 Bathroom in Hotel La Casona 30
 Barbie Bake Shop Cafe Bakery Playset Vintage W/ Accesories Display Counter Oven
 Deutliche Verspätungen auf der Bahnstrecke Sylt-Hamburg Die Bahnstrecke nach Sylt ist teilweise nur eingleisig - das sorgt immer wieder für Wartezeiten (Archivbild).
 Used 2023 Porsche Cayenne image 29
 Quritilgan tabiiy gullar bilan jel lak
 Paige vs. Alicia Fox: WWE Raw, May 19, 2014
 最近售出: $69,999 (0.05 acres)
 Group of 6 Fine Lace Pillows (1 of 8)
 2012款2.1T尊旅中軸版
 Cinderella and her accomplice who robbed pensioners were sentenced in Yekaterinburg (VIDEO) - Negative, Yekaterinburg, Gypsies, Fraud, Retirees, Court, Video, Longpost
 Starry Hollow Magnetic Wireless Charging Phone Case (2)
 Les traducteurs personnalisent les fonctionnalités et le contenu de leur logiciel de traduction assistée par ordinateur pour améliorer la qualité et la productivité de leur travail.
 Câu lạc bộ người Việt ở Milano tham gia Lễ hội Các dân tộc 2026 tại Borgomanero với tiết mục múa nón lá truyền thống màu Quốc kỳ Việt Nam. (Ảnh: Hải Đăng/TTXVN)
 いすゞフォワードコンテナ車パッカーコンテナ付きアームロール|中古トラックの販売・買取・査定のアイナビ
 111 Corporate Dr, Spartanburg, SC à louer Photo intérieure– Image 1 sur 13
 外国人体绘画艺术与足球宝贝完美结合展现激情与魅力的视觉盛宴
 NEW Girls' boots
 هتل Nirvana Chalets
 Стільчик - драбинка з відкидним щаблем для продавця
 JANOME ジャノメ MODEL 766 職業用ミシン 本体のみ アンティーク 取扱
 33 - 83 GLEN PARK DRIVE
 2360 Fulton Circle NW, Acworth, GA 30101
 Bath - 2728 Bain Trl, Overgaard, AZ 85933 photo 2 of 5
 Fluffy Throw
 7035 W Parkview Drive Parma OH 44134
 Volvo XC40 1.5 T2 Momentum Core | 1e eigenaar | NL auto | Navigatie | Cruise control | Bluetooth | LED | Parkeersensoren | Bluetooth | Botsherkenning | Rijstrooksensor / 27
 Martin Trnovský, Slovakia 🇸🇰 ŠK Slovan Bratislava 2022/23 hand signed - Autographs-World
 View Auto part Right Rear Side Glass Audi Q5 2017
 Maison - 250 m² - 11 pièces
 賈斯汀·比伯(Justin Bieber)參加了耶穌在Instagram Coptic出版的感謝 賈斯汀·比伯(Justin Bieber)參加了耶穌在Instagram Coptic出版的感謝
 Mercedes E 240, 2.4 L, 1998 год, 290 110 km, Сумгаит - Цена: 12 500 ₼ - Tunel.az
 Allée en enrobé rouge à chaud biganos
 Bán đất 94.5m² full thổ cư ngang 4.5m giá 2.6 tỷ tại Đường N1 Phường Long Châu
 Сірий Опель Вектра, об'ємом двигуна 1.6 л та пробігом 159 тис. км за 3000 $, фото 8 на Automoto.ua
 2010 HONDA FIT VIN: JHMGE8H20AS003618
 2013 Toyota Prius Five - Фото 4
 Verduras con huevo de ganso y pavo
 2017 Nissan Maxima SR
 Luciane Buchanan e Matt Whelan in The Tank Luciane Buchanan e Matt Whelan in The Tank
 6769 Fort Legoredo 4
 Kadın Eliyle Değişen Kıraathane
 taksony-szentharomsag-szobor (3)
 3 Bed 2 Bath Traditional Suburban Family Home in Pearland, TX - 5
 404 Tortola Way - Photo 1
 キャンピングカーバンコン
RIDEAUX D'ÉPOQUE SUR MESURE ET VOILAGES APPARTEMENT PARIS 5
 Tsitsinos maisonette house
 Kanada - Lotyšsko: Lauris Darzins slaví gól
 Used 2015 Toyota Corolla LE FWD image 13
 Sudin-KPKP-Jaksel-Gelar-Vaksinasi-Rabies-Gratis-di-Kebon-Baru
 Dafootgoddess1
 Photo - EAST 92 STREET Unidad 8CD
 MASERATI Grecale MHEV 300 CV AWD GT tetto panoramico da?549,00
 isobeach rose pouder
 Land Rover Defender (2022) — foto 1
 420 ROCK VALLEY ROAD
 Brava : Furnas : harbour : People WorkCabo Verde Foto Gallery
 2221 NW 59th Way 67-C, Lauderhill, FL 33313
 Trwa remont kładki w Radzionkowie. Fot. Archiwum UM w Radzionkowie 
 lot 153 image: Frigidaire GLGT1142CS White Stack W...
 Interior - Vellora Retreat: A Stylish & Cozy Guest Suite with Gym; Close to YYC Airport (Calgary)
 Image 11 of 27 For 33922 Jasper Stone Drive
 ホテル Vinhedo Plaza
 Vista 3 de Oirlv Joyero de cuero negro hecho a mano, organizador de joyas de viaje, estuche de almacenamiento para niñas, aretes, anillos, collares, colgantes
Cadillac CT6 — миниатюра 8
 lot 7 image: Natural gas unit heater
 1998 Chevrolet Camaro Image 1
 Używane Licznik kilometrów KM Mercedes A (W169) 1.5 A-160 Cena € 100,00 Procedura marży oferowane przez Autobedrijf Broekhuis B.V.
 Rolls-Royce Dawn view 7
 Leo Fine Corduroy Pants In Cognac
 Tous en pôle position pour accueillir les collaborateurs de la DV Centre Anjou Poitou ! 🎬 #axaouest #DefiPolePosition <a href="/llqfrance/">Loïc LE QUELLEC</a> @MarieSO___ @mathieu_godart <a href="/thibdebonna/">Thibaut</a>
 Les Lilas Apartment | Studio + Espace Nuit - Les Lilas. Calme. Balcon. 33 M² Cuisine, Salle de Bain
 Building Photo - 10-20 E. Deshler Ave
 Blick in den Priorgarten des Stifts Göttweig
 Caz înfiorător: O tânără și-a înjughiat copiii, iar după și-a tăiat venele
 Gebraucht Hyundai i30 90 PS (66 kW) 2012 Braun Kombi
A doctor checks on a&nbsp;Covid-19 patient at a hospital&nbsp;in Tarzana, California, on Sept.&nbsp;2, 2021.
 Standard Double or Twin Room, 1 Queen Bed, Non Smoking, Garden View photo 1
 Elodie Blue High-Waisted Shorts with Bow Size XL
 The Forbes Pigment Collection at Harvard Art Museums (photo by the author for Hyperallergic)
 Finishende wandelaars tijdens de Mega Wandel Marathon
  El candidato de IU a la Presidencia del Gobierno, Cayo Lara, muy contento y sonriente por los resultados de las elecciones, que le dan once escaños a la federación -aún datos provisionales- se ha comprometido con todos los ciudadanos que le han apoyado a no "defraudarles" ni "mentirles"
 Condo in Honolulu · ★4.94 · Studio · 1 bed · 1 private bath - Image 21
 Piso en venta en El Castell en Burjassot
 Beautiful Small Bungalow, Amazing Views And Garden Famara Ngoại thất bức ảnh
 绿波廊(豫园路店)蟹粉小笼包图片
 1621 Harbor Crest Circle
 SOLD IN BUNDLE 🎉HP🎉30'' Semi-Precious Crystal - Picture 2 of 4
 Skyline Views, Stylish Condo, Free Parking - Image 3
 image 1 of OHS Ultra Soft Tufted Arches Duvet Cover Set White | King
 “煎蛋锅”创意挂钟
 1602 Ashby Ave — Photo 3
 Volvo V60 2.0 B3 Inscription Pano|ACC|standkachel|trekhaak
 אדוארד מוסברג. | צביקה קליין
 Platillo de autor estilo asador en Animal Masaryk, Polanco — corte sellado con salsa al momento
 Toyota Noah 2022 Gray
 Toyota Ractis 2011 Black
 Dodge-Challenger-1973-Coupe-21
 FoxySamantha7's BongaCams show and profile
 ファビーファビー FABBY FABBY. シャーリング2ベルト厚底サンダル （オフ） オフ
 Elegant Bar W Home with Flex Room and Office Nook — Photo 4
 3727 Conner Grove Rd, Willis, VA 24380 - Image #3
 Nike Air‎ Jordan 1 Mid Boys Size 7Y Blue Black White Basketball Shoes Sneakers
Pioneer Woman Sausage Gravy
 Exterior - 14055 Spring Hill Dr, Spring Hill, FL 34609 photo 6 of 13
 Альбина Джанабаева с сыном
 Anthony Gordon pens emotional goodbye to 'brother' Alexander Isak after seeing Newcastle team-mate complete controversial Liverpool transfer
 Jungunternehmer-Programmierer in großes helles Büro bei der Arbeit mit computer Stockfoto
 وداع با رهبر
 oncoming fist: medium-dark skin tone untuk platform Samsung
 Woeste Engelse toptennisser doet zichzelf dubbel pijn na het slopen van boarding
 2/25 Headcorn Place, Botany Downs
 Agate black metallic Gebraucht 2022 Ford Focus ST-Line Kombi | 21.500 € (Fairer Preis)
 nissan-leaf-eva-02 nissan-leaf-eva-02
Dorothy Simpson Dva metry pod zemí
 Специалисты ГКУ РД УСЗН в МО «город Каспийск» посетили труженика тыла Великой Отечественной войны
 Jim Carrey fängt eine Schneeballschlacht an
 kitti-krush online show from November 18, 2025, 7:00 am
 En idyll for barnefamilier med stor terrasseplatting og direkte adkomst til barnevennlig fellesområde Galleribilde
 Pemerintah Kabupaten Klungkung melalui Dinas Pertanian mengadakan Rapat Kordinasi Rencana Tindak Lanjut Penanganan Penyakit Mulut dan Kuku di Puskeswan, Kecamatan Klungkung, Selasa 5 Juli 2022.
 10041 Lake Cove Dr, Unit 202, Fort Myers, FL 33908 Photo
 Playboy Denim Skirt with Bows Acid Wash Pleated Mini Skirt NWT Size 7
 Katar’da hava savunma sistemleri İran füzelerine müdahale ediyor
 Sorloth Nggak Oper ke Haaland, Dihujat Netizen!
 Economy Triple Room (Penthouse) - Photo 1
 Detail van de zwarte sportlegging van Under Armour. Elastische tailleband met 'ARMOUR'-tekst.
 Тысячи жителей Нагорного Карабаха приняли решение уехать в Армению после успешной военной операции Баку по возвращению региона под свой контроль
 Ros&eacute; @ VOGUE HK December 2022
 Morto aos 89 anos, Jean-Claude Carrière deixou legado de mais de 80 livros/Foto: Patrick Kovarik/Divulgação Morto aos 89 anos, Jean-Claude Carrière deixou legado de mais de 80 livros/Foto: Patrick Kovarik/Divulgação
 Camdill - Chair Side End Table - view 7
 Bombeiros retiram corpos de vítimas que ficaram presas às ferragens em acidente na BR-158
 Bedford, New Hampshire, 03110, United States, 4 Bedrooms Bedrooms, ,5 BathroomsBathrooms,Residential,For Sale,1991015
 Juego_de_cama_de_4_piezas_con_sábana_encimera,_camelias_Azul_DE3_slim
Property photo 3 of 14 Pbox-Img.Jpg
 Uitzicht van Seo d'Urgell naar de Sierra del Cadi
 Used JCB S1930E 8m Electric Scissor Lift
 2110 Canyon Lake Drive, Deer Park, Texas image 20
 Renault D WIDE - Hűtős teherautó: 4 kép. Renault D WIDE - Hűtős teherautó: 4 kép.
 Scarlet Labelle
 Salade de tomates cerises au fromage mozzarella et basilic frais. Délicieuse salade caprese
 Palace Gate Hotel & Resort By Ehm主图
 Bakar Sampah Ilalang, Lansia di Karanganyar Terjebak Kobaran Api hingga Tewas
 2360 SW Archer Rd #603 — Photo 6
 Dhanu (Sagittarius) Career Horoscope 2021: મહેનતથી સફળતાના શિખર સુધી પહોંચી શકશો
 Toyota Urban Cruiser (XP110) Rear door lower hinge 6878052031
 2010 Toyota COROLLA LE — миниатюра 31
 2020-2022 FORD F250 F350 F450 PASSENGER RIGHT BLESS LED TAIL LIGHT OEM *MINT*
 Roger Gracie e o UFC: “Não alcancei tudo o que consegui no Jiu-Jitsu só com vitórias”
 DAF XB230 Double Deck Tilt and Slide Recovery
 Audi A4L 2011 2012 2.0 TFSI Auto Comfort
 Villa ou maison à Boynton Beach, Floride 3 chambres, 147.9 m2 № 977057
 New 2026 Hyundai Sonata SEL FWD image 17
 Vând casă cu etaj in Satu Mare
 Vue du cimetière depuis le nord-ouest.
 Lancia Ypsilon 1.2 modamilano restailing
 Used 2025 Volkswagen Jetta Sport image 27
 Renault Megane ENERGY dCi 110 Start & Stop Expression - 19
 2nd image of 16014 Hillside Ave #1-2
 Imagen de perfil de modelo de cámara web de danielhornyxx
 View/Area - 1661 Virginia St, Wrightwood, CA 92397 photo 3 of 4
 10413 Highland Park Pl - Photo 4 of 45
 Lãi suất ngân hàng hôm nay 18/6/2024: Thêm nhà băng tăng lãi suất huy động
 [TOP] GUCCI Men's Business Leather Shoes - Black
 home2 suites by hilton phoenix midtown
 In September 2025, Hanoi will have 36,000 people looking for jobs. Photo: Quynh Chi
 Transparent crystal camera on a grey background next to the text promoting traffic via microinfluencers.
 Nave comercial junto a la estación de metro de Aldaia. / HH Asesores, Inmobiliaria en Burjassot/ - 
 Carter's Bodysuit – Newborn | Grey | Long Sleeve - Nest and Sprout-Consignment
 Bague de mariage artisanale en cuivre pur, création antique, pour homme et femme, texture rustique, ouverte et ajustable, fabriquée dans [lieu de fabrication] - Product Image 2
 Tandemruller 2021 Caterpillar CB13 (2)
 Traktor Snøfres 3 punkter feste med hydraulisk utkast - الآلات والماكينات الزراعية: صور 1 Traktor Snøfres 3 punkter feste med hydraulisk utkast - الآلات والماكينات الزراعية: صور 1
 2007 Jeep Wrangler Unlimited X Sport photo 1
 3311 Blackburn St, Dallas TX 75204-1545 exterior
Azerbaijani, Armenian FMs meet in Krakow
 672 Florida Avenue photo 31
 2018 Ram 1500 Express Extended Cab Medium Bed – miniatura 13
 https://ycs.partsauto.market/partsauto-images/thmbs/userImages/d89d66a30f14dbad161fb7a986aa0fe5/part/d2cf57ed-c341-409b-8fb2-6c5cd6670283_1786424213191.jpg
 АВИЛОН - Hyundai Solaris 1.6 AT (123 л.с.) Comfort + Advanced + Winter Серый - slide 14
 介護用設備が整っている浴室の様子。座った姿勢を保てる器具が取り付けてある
------------------------------------
The lines to copy run from the start of the records above through the line holding "2012款2.1T尊旅中軸版"; give them exactly, both ends included, and nothing else.

 Bathroom in Hotel La Casona 30
 Barbie Bake Shop Cafe Bakery Playset Vintage W/ Accesories Display Counter Oven
 Deutliche Verspätungen auf der Bahnstrecke Sylt-Hamburg Die Bahnstrecke nach Sylt ist teilweise nur eingleisig - das sorgt immer wieder für Wartezeiten (Archivbild).
 Used 2023 Porsche Cayenne image 29
 Quritilgan tabiiy gullar bilan jel lak
 Paige vs. Alicia Fox: WWE Raw, May 19, 2014
 最近售出: $69,999 (0.05 acres)
 Group of 6 Fine Lace Pillows (1 of 8)
 2012款2.1T尊旅中軸版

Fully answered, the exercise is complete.